But unhappily the fall of the pampered youth of Jerusalem was not confined to a reversal of external fortune. The elegist has been careful to point out that the miseries they endured were the punishments of their sins. Then there had been an earlier and much greater collapse. Before any foreign enemy had appeared at her gates the city had succumbed to a fatal foe bred within her own walls. Luxury had undermined the vigour of the wealthy; vice had blackened the beauty of the young. There is a fine gold of character which will be sullied beyond recognition when the foul vapours of the pit are permitted to break out upon it. The magnificence of Solomon's temple is poor and superficial in comparison with the beauty of young souls endowed with intellectual and moral gifts, like jewels of rarest worth. Man is not treated in the Bible as a paltry creature. Was he not made in the image of God? Jesus would not have us despise our own native worth. Hope and faith come from a lofty view of human nature and its possibilities. Souls are not swine; and therefore by all the measure of their superiority to swine souls are worth saving. The shame and sorrow of sin lie just in this fact, that it is so foul a degradation of so fair a thing as human nature. Here is the contrast that heightens the tragedy of lost souls. But then we may add, in its reversal this same contrast magnifies the glory of redemption—from so deep a pit does Christ bring back His ransomed, to so great a height does He raise them!


CHAPTER XIX

LEPERS

iv. 13-16

Passing from the fate of the princes to that of the prophets and priests, we come upon a vividly dramatic scene in the streets of Jerusalem amid the terror and confusion that precede the final act of the national tragedy. The doom of the city is attributed to the crimes of her religious leaders, whose true characters are now laid bare. The citizens shrink from the guilty men with the loathing felt for lepers, and shriek to them to depart, calling them unclean, and warning them not to touch any one by the way, because there is blood upon them. Dreading the awful treatment measured out to the victims of lynch-law, they stagger through the streets in a state of bewilderment, and stumble like blind men. Fugitives and vagabonds, with the mark of Cain upon them, driven out at the gates by the impatient mob, they can find no refuge even in foreign lands, for none of the nations will receive them.

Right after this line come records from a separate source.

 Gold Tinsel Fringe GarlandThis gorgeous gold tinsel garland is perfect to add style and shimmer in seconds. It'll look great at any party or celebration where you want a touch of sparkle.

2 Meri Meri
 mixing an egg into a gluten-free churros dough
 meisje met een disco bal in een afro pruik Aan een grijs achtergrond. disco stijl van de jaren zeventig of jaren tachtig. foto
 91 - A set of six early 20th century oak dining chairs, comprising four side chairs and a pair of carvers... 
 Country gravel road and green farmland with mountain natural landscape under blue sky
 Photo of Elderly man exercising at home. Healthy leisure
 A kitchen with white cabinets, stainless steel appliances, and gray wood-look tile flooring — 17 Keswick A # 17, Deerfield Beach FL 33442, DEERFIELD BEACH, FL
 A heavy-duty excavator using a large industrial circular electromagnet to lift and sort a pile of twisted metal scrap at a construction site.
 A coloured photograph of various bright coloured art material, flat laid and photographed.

We do not know whether the poet is here describing actual events, or whether this is an imaginary picture designed to express his own feelings with regard to the persons concerned. The situation is perfectly natural, and what is narrated may very well have happened just as it is described. But if it is not history it is still a revelation of character, a representation of what the writer knows to be the conduct of the moral lepers, and their deserts; and as such it is most suggestive.

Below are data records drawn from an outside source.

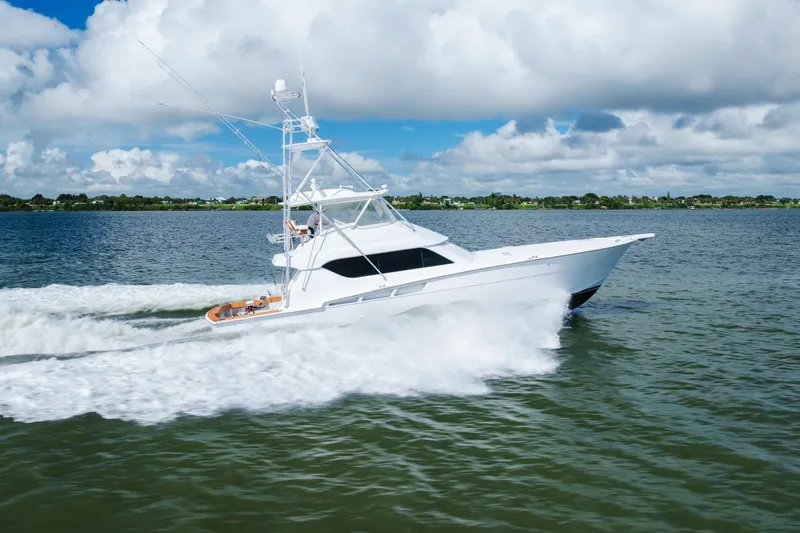 Water's Edge Yacht Photos Pics 2005 Hatteras Convertible 60 yacht cruising on open water under a cloudy sky.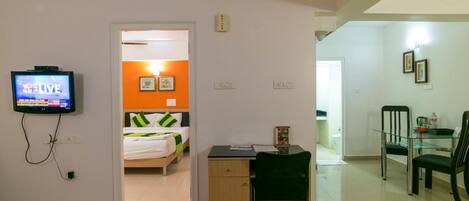 Habitación de hotel con cama, escritorio, silla, televisor y zona de comedor con sillas y mesa.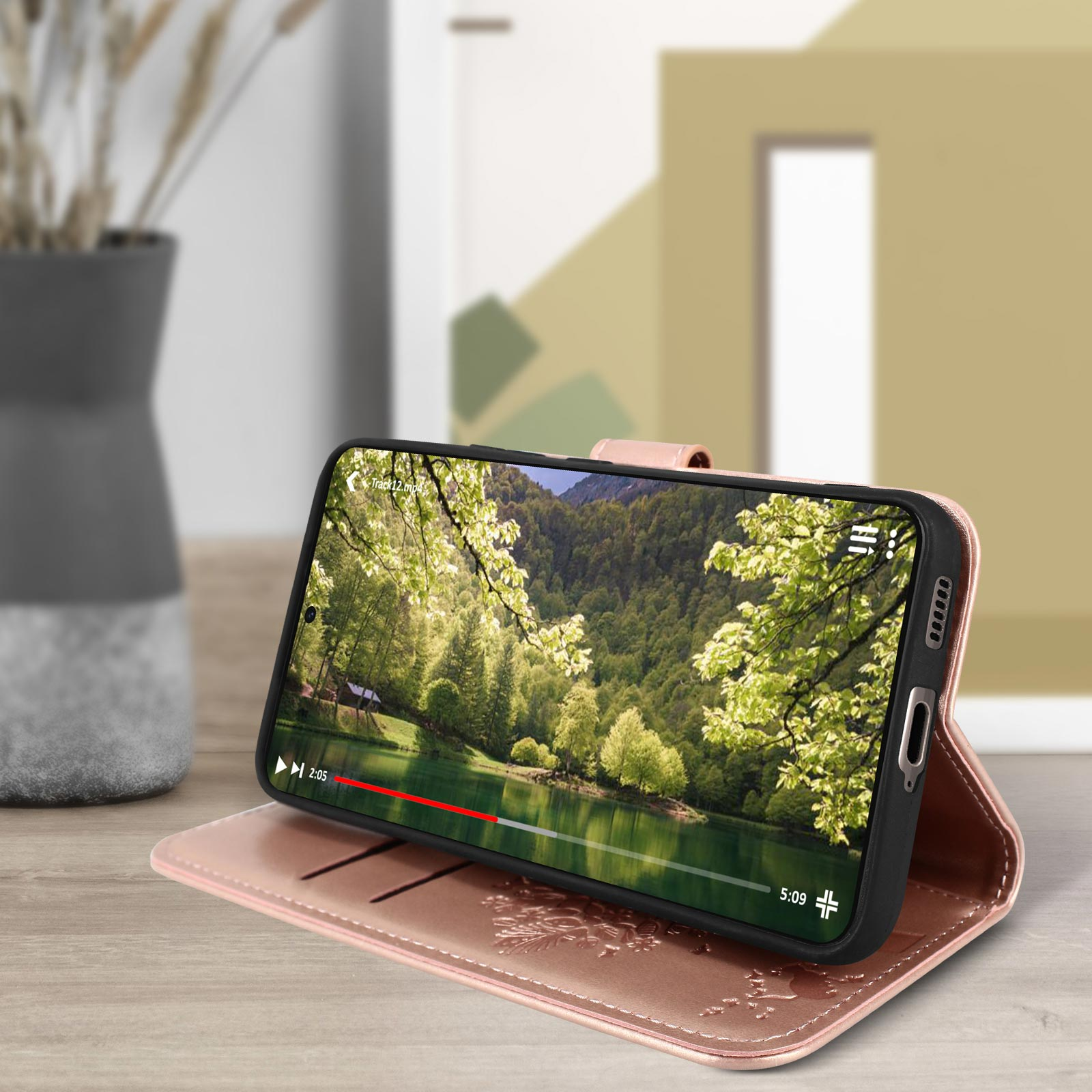 Telefono in custodia rosa, riproduce video, su un tavolo. Sfondo: alberi verdi e scena del lago.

In the first place there is much significance in the fact that the overthrow of Jerusalem is unhesitatingly charged to the account of the sins of her prophets and priests. These once venerated men are not merely no longer protected by the sanctity of their offices from the accusations that are brought against the laity; they are singled out for a charge of exceptionally heinous wickedness which is regarded as the root cause of all the troubles that have fallen upon the Jews. The second elegy had affirmed the failure of the prophets and the vanity of their visions.[251] This new and stronger accusation reads like a reminiscence of Jeremiah, who repeatedly speaks of the sins of the clerical class and the mischief resulting therefrom.[252] Evidently the terrible truth the prophet dwelt upon so much was felt by a disciple of his school to be of the most serious consequence.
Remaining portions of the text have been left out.